Fernanda Vázquez a vite compris qu'il y avait des différences entre le rugby pratiqué par les garçons et le rugby pratiqué par les filles, même si les deux sexes y avaient leur place.

« J'ai tout de suite vu la différence qu'il peut y avoir dans le sport et qu'on n'a pas toujours les mêmes chances », dit-elle. « Le rugby s'est progressivement imposé, mais c'est un combat de tous les instants. Nous sommes plus reconnues aujourd'hui.

« Le rugby m'a donné ma chance et j'adore. Je me suis entraînée avec sérieux et j'ai été incorporée chez les Wallabies en 2016 – le plus gros club de Mexico – même si l'équipe féminine n'était pas complètement en place. On avait plus l'impression d'être une œuvre de bienfaisance et nous n'étions pas prises au sérieux. J'ai compris à ce moment-là que pour être prises au sérieux il fallait que l'on remplisse des devoirs et qu'on décroche des trophées. »

Construire des bases solides

Un autre club, dans le comté de Polanco, a commencé à s'intéresser de près à Fernanda, voyant combien elle s'entraînait dur, et lui a proposé une place dans son comité.

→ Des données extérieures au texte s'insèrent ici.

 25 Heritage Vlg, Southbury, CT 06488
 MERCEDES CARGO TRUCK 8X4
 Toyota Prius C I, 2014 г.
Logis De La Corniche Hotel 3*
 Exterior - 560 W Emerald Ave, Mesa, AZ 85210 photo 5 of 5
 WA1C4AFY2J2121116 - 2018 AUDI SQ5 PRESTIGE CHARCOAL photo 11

Voyant qu'il serait difficile de se faire une place dans l'équipe nationale en tant que joueuse, elle a compris qu'elle serait plus utile en établissant un « plan stratégique, des objectifs à atteindre, rechercher des financements et faire grandir le rugby au Mexique ».

Ses études universitaires lui ont donné la vision de comment pénétrer un marché et en établir les bases. « C'est important que les enfants choisissent le rugby avant d'autres sports », affirme-t-elle. « Ils doivent être notre cible pour que le rugby progresse. Et pour cela, nous devons vendre le produit, rendre le rugby plus visible. Nous savons que c'est un sport fun mais qu'il est encore méconnu au Mexique. Aujourd'hui le pays est plus réceptif pour apprécier d'autres sports ; c'est le moment. »

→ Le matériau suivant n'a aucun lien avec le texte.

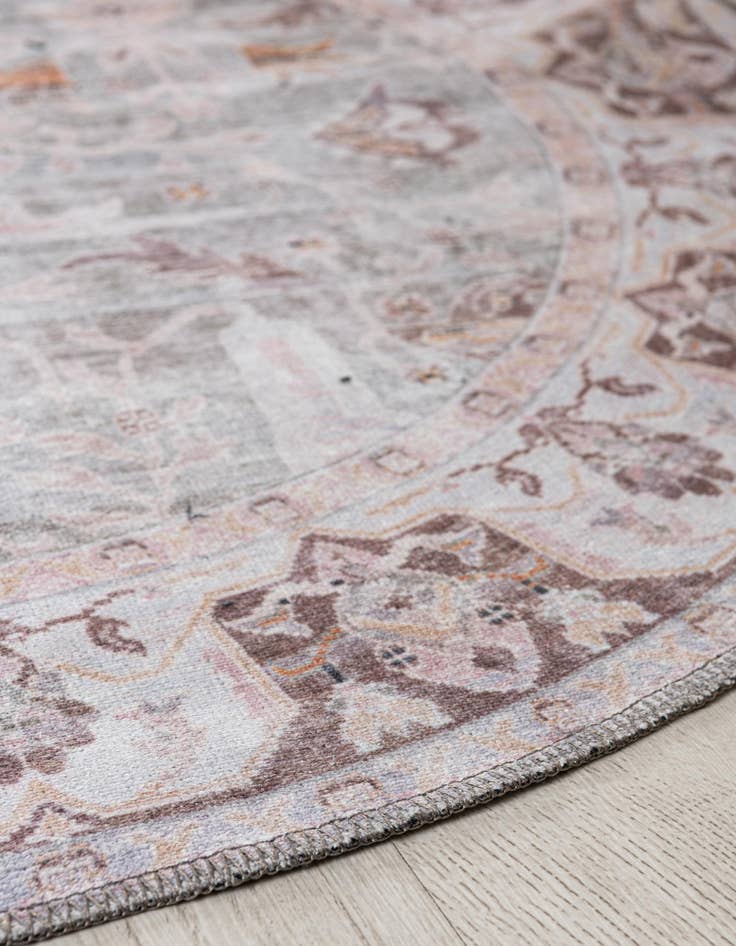 Detail image of 4' x 4' Yara Round Rug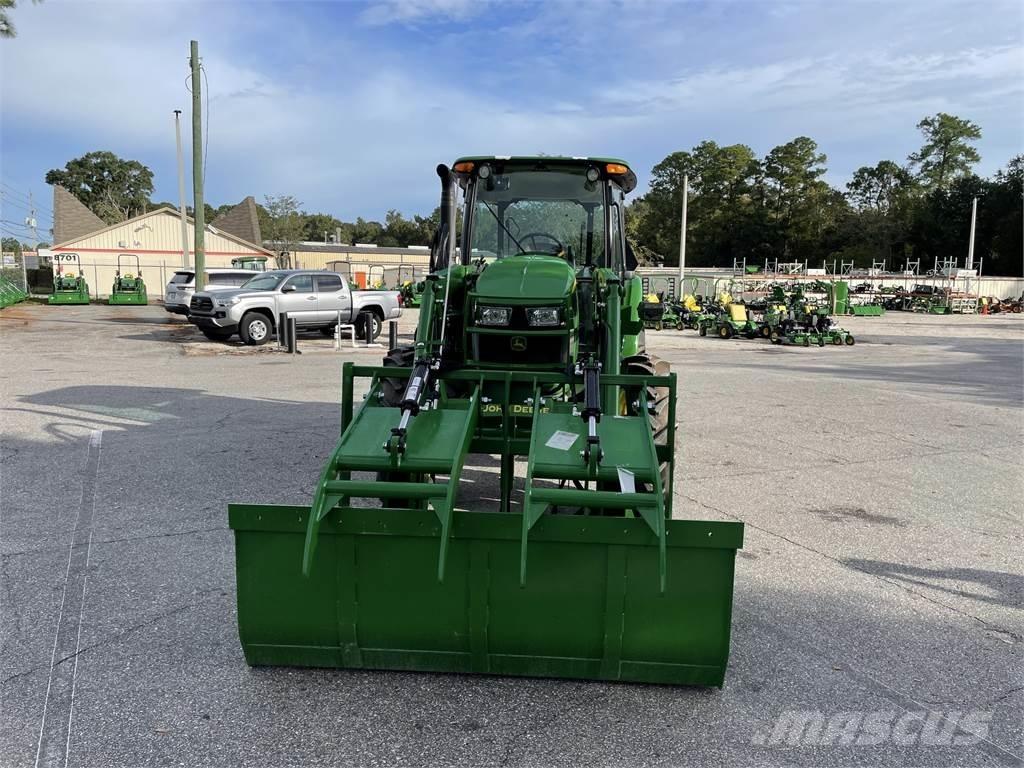 John Deere 5090E Tractoren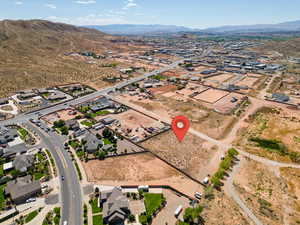 Bird's eye view featuring a residential view and a mountain view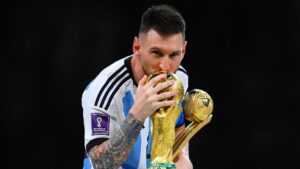 Messi Kissing World Cup Wallpaper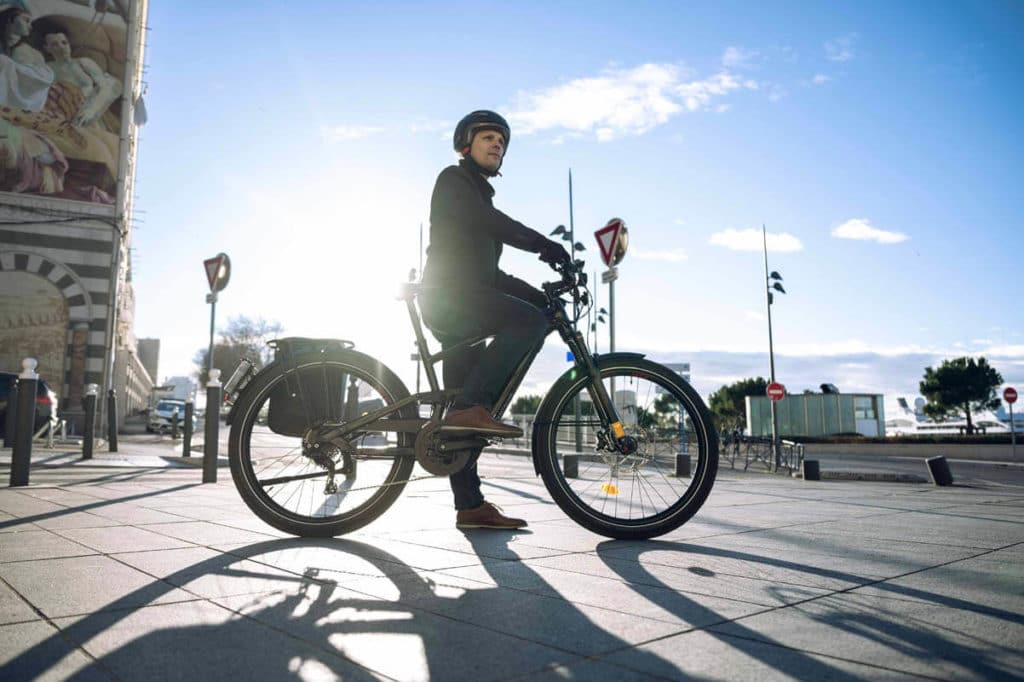 Zum Pendeln zur Arbeit: E-Bike Moustache Friday 27 FS Speed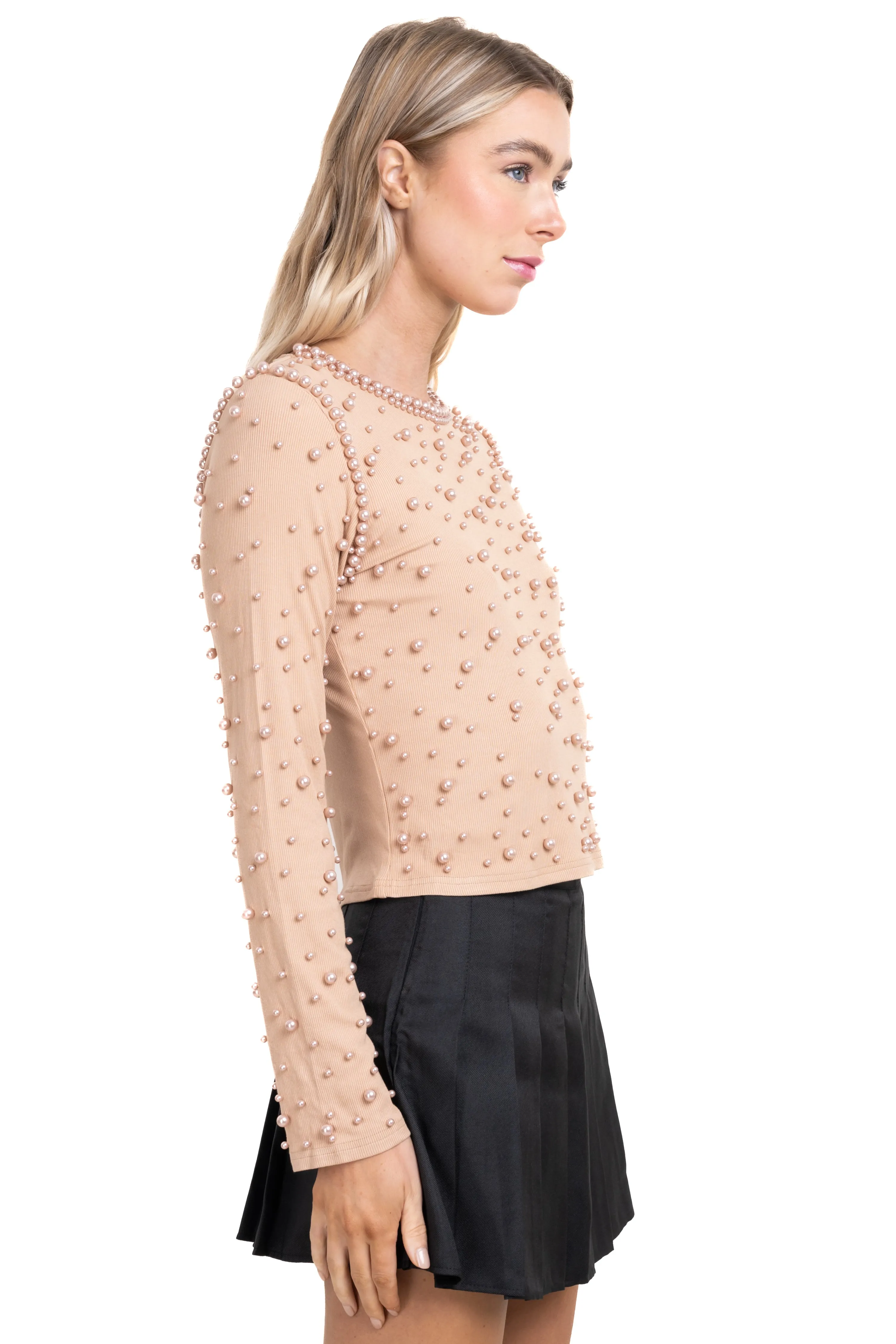 Sueter de perlas y brillos sold by Shasa product image thumbnail 3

La Federación Mexicana de Rugby lui a ouvert les portes et Fernanda a su construire une solide relation avec son président Francisco Echeguren avec lequel elle met en place un championnat féminin.

Le rugby féminin a fait de grandes avancées comme de participer à la Coupe du Monde de Rugby à VII en 2018 à San Francisco. Beaucoup de joueuses de cette équipe sont devenues des personnalités à part entière dans le rugby féminin et c'est grâce à elles que le sport a su gagner en popularité.

Lorsque Fernanda Vázquez a candidaté pour obtenir la Bourse de leadership octroyée par World Rugby, elle était analyste politique, mais désireuse de mener une carrière dans le sport. Lorsqu'elle a obtenu la Bourse, son premier rendez-vous a été avec le forum des Femmes dans le Rugby organisé par Sudamérica Rugby (SAR) à Asunción, Paraguay.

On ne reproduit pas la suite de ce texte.